Distributed filesystem for Debian clusters?
Posted by jooray on Tue 7 Feb 2006 at 09:58
I'm looking for a way to make a Debian web cluster completely fail-tolerant. There is heartbeat, a MySQL cluster and I have two firewalls in a redundant setup. The only thing missing is a file-system, that is completely distributed (i.e. symmetric).
I have tried several solutions to this problem. I looked at GFS and OCFS2, which require a shared storage. I was told, that having cluster-filesystem over NBD, which is not cluster-aware is a serious risk -- GFS and OCFS2 should be used with real shared storage. It is possible to build cheap shared storage using firewire. See this article.But what I'm really looking for is a stable, working, distributed filesystem. This way I could have a backup machine in a different datacenter connected using some form of fast connection. I was looking in AFS, but it seems to be read-only for 2.6 (or that's at least what the kernel option says, maybe using OpenAFS tarball works on 2.6).
Does anyone have good tip for distributed filesystem and/or HOWTO for AFS on Debian?
[ Parent | Reply to this comment ]
Other GFS'es
www.lustre.org
[ Parent | Reply to this comment ]
Lustre also needs shared storage for metadata servers.
[ Parent | Reply to this comment ]
[ Parent | Reply to this comment ]
[ Parent | Reply to this comment ]
[ Parent | Reply to this comment ]
0.8 is not released.
well... i must say i'm looking forward. this would be a perfect solution for me.
[ Parent | Reply to this comment ]
Someone brought this up to me: Is there a particular reason why the syncing can't be done within the web app (to the other web app) or via scp's?
[ Parent | Reply to this comment ]
DRDB + GFS seems like a waste of processing power to me, from a design point of view.
DRDB just makes sure you have your block level stuff redundant.
GFS just makes sure you have a common (shared) block device, and allows multiple systems to operate a filesystem on it concurrently. (correct me if I'm wrong...)
Now, both in itself a are really great feats (and I don't want to dimish the accomplishments of those projects in any way), but wouldn't it be better if we just had a filesystem-level replication?
Like a nfs-client doesn't need to care about the filesystem on the remote side, the FS replication client (and possibly server) don't need to know about the specifics of the filesystem involved.

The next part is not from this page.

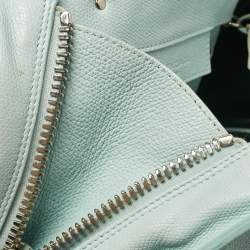 مملوكة مسبقًا Balenciaga Light Turquoise Leather Mini Papier A4 Tote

[ Parent | Reply to this comment ]
There are source packages in sid and etch:
http://packages.qa.debian.org/o/openafs.html
[ Parent | Reply to this comment ]
[ Parent | Reply to this comment ]
The server side, I don't know, I have not tried that. Running AFS servers on AIX here.

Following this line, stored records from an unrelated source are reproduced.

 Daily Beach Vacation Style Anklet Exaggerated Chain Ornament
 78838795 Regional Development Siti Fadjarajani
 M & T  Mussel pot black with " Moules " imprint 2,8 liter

[ Parent | Reply to this comment ]
We use it here on a 4 node cluster. But be aware
That you can have only 1 rw volume at a time, but many
ro volumes. So you have to take care of switching one volume
to rw when the node containing the rw volume dies.

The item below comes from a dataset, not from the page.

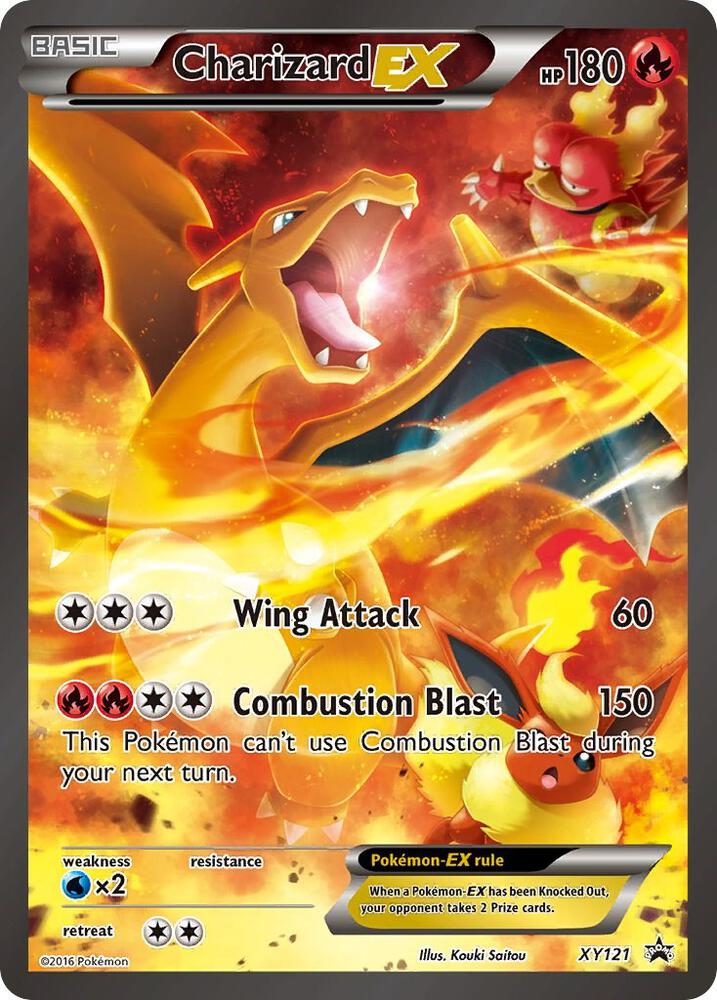 Pokemon TCG - Charizard EX - XY121 Promo - ENG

Also you need a minimal Kerberos setup.
But if you want a network fs it is imho the way to go.
As you mentioned web serving, i assume most of the time
you need only read access to the data, right? IF so
AFS really has everything you need but if you need byte
range locking or you have many apps writting to the fs all
the time...well..then this might not be what you want.
[ Parent | Reply to this comment ]
The version supplied with Debian Stable is fairly crappy. If you want to run OpenAFS then backport the version from Testing/Unstable if you can.
I use wajig.. Setup deb-src for testing in your source.list
wajig build-depend openafs-fileserver
wajig build openafs-fileserver
Then install the resulting deb files.
That way you can run openafs version from testing without having to yank back most of testing into stable.
OpenAFS is very nice and is secure enough to use over the internet even. The downsides is that the non-Linux client support for it (ie OS X or Windows) isn't going to be very good. The permissions setup for it is not POSIX, although it maps to owner's read write execute permissions well. Also it's not good for large files.
But for lots of small files and such it's is fast and reliable over slow links due to it's caching and file change monitering features. It's ideal for many different situations.. Such as sharing out lots of files to lots of people in a campus-wide network with complex topography and lots of wireless stuff.
[ Parent | Reply to this comment ]
[ Parent | Reply to this comment ]
[ Parent | Reply to this comment ]
[ Parent | Reply to this comment ]
Carp with pfsync is beautiful !
[ Parent | Reply to this comment ]
Not realy distributed but kidda RAID1 over network.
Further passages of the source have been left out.